The Justices then noted that Mr K   had already suffered a 28 day instant disqualification and that there had been some confusion about the infringement fee. They accepted the evidence of the prosecution and found Mr K   guilty.

[6]      In support of his appeal Mr K   provided a detailed written submission running into 33 points.  The crux of the appeal is that the evidence of the prosecution witnesses was misleading and inaccurate.  Mr K   also emphasised discrepancies in the evidence, particularly in relation to the colour of the vehicle.

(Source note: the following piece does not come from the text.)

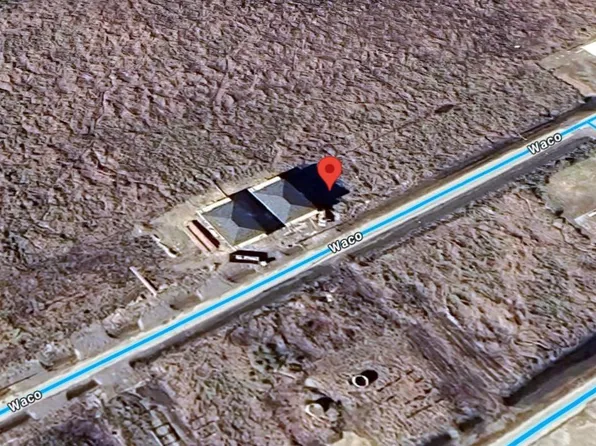 1151 Waco Rd, Gilchrist, TX 77617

[7]      The prosecution must, of course, prove its case beyond reasonable doubt. There  is  no  obligation  on  a  defendant  to  prove  anything.    Where  there  is  an allegation of mistaken identity it is necessary to be particularly cautious.

[8]      On  the  face  of  the  decision  delivered  by  the  Justices  it  is  difficult  to determine the precise course that they followed in overcoming the patently obvious discrepancies as to the colour of the vehicle.  In some cases it might be sufficient for the Justices to effectively accept the prosecution evidence and reject the defence evidence:  R v Macpherson [1982] 1 NZLR 650 (CA) .  In my view this is not such a case and the conviction is unsafe.

[9]      There is unchallenged evidence from Mr K   that his car was black. Constable Churchill was 100% sure that the car that the was tracking was blue.  It is simply not  good  enough  to  dismiss  any such  discrepancy on  the  basis  that  the colours might be close.   Added to this, Constable Harris’s written note. which he confirmed was true and correct, made reference to a silver car and to a different plate number.  Again, it is not good enough to say that the difference in the plate number was minor and was probably a mistake.  Once the vehement denial of Mr K   is added to the mix, it is simply not possible to regard the conviction as safe.

[10]     Under those circumstances I will extend time for lodging the appeal (the appeal being out of time), allow the appeal and quash the conviction.  I might say that I have reached this conclusion despite Ms Denton’s valiant efforts to persuade me to the contrary.